Raw data:
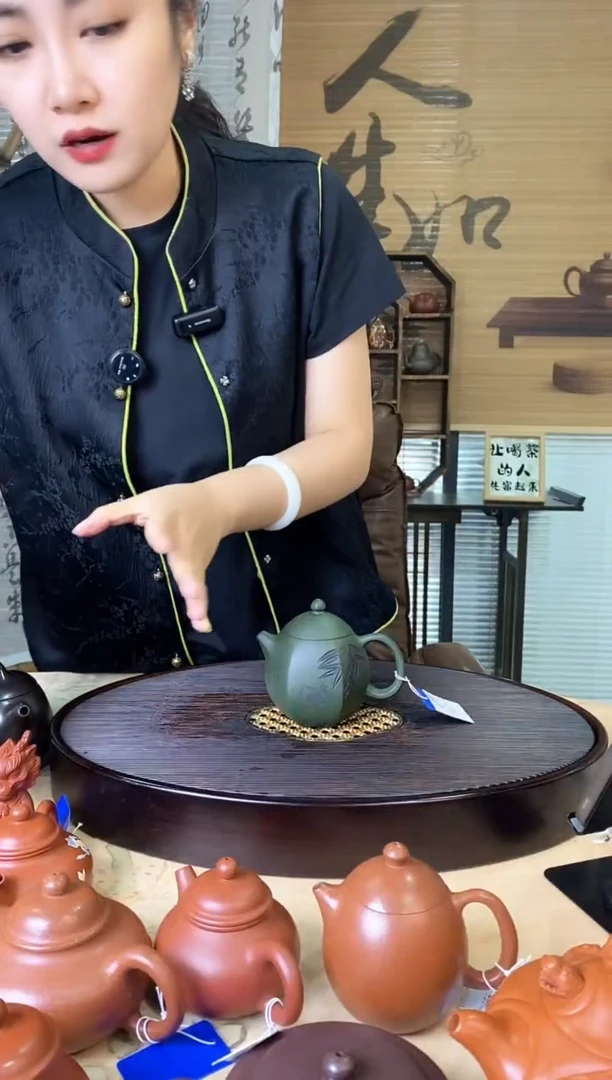 茶壶紫砂绿泥六方龙蛋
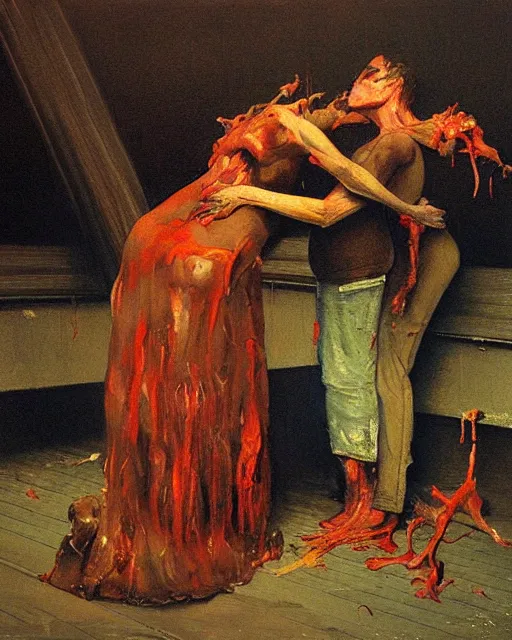 Prompt: couple embracing each other inside a cold slaughterhouse room in the style of Francis Bacon and Syd Mead and Norman Rockwell and Beksinski, hanging beef carcasses, slaughterhouse, open ceiling, highly detailed, lovers embracing painted by Francis Bacon and Edward Hopper, painted by James Gilleard, surrealism, airbrush, very coherent, triadic color scheme, art by Takato Yamamoto and James Jean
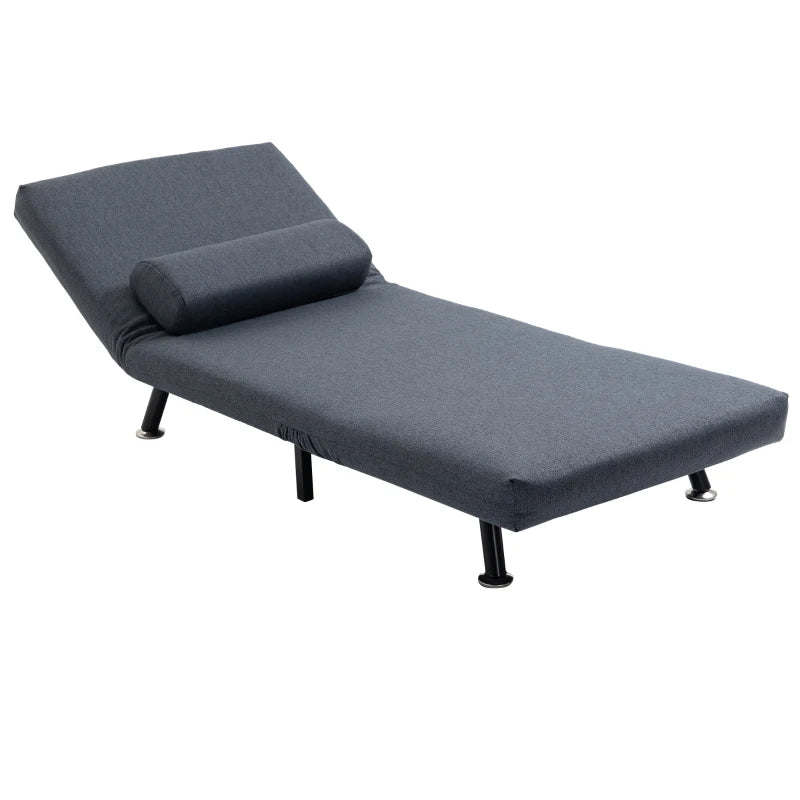 HOMCOM Faux Suede 5-Position Futon Single Sofa Bed Dark Grey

Aim of the task: Reproduce the lines above exactly, image-free.

Written solution:
 茶壶紫砂绿泥六方龙蛋
 Prompt: couple embracing each other inside a cold slaughterhouse room in the style of Francis Bacon and Syd Mead and Norman Rockwell and Beksinski, hanging beef carcasses, slaughterhouse, open ceiling, highly detailed, lovers embracing painted by Francis Bacon and Edward Hopper, painted by James Gilleard, surrealism, airbrush, very coherent, triadic color scheme, art by Takato Yamamoto and James Jean
 HOMCOM Faux Suede 5-Position Futon Single Sofa Bed Dark Grey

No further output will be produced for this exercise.